Die Patentierung von Erfindungen ist ein Merkmal von hoher FuE-Kompetenz und fördert die Reputation von Hochschule und Wissenschaftlern zugleich. Die Hochschule Mittweida hat seit dem Jahr 2007 mehr als 50 Erfindungen zum Patent oder zum Gebrauchsmuster angemeldet. In Forschungskooperationen mit Unternehmen wird die Anmeldung von Schutzrechten von Anfang an in alle Phasen der Projektbearbeitung integriert.
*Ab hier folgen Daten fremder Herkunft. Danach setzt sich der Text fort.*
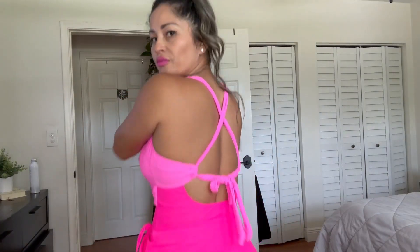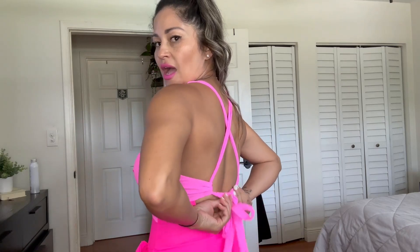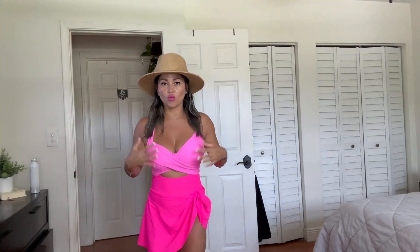This is the back — I like the back too, it has a nice little tie right here to keep you nice and secure. I'm really liking this one-piece bikini. You can add some accessories like a cute hat or some cute sunglasses.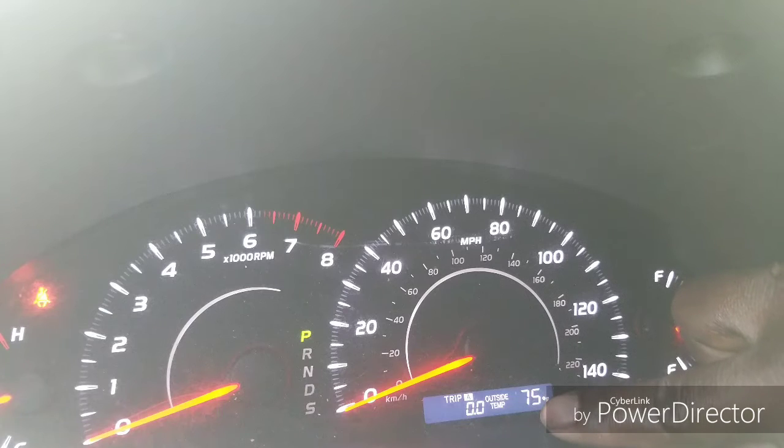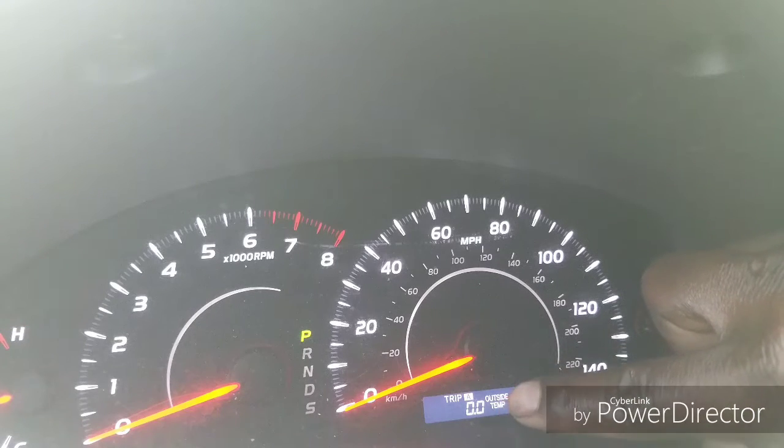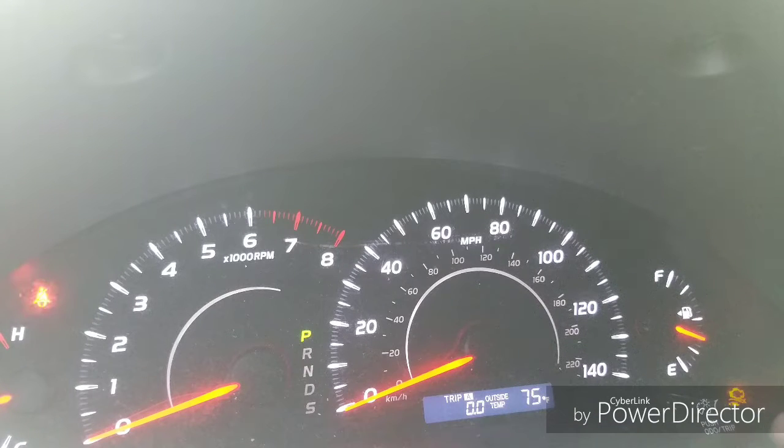First, you've got to turn your car to the on position. Don't start it. Have it set as trip A — which is this button right here. Just put your odometer to trip A, then hold it down and turn the key off.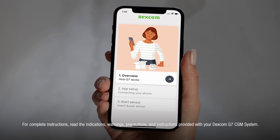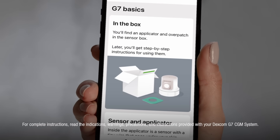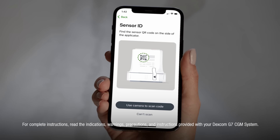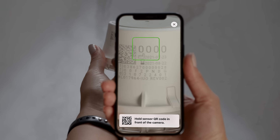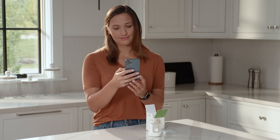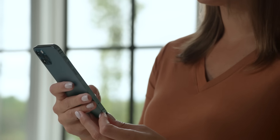First, the overview section will provide you with some basics about your system. Then you will enter your sensor ID — grab your sensor and press 'Use Camera' to scan the code. Next, you will be provided some educational videos and screens so you can learn about your Dexcom G7.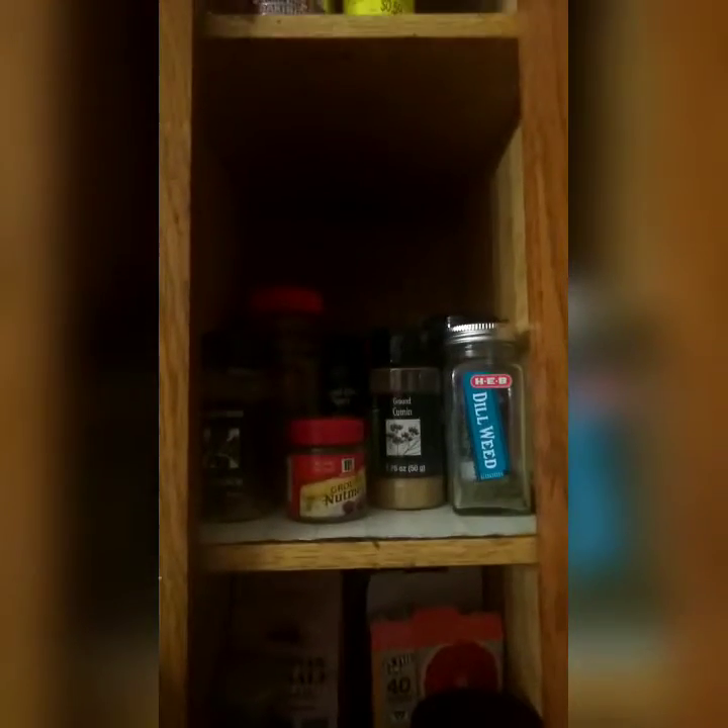We have some oranges and apples right here on the fireplace - set it up like this because they take up a lot of space. The oranges altogether were five dollars for the two bags, and then the apples - I don't know, I wasn't paying attention when they were being bought.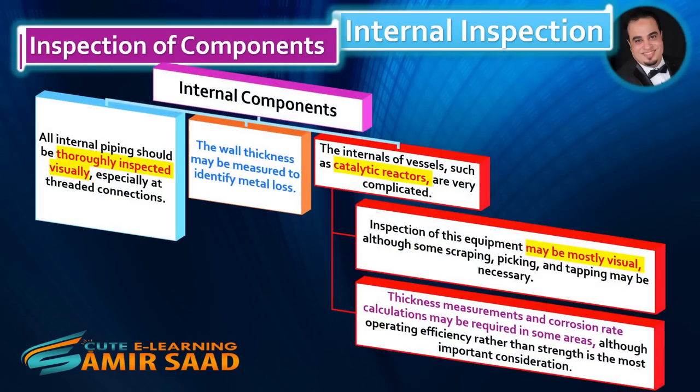Internal components. All internal piping should be thoroughly inspected visually, especially at threaded connections. The wall thickness may be measured to identify metal loss. The internals of vessels, such as catalytic reactors, are very complicated. Inspection of this equipment may be mostly visual, although some scraping, picking, and tapping may be necessary. Thickness measurements and corrosion rate calculations may be required in some areas, although operating efficiency rather than strength is the most important consideration.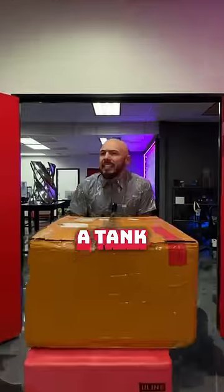Am I the only one that didn't know that there's a tank PC case? Let's unbox it.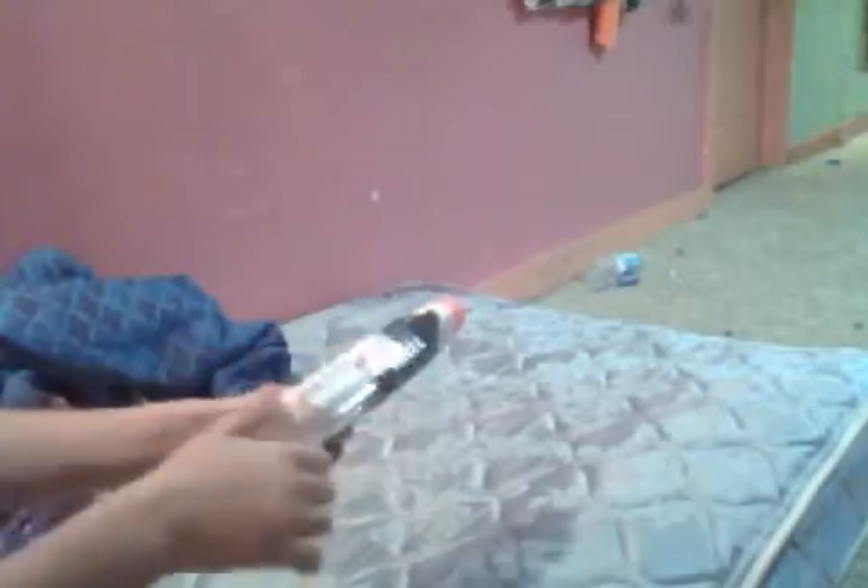Let's load it again. Whoa. It shoots very nice. It has a nice kick on it.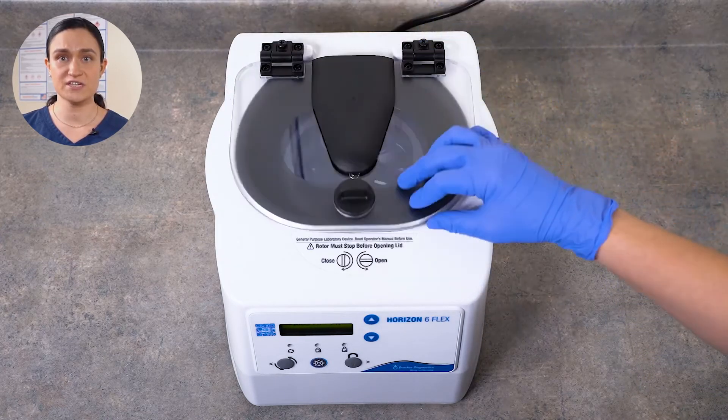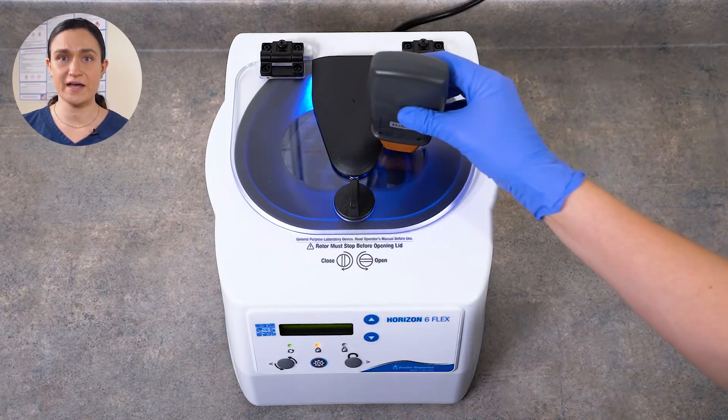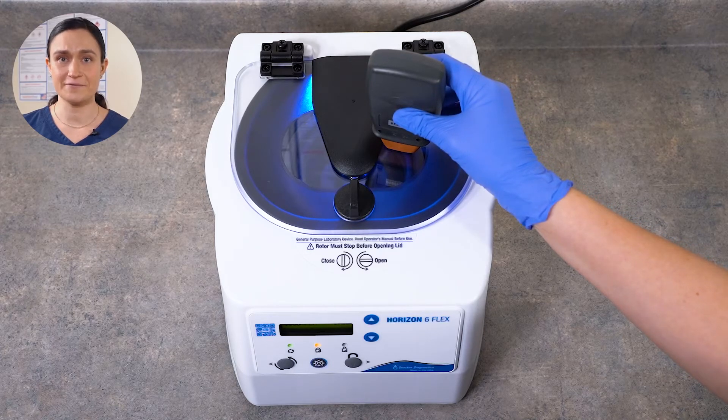Just start the cycle you wish to test, wait a minute or two for it to reach its peak speed, and point your photo tachometer down through the clear lid. You'll quickly get a reading.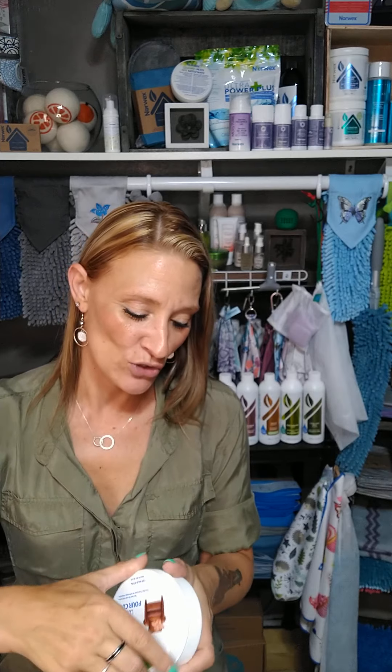Alright guys, I hope you enjoyed that. If you'd like to check out more products or purchase the Norwex Leather Shine, you can find it in the description below. Please like and subscribe. Have a good day.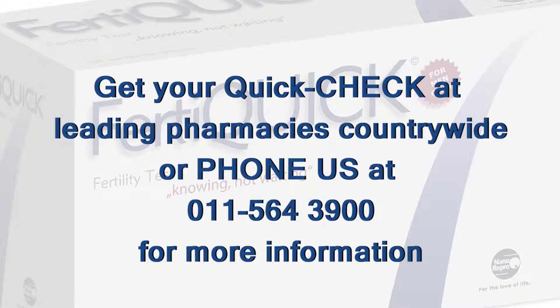Get your quick check at leading pharmacies countrywide, or phone us at 011-564-3900 for more information.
Die Hochschule finanziert aussichtsreiche Patentanmeldungen - vorwiegend über Projekte – und hält diese maximal 5 Jahre. Nach 5 Jahren Haltedauer erfolgt mit Ausnahme von Basispatenten jährlich die Prüfung auf positive Verwertungsaussicht. Als gründerfreundliche Hochschule wird die Verwendung von Patenten als Basis für Ausgründungen ermöglicht.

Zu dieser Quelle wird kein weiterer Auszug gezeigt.